One Health: Healthy village, healthy forests

Posted by Meghan Sawyer, Communications

In just a few weeks, Woodland Park Zoo Senior Conservation Scientist Lisa Dabek, PhD, will be back in Papua New Guinea to continue her work for the Tree Kangaroo Conservation Program (TKCP). During that time, Dabek will meet with national government officials and the U.S. ambassador to Papua New Guinea to discuss TKCP’s goals for 2019 and beyond, which include incorporating the One Health approach into existing local governments’ initiatives.

Young children (and future conservationists) celebrate TKCP's 20th anniversary in 2016. Photo by Ryan Hawk/Woodland Park Zoo
“The health of humans, wildlife and the environment is all interconnected,” says Dabek.
Dabek founded TKCP, Woodland Park Zoo’s flagship conservation program, 22 years ago as a study on endangered tree kangaroos in Papua New Guinea—an island nation with immense biological diversity that is home to one of the last remaining intact cloud forests on the planet. But the same reason that the area is so wonderfully biodiverse and untouched also accounts for many of the issues that its communities face regarding health care. Without roads or electricity, access to remote villages is very limited, which also means those communities have inadequate access to doctors, supplies, medication and health education.

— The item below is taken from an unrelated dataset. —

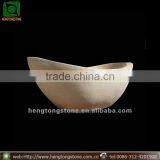 National Marble Portable Bathtub thumbnail-1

TKCP set out to protect the health of Papua New Guinea’s wildlife as well as its people. By working with indigenous landowners and the government, Dabek’s work has blossomed into a comprehensive program that today protects tree kangaroos and 180,000 acres of tropical cloud forests in the nation’s first Conservation Area (known as Yopno-Uruwa-Som or YUS), and also improves the quality of life for more than 15,000 people who live there.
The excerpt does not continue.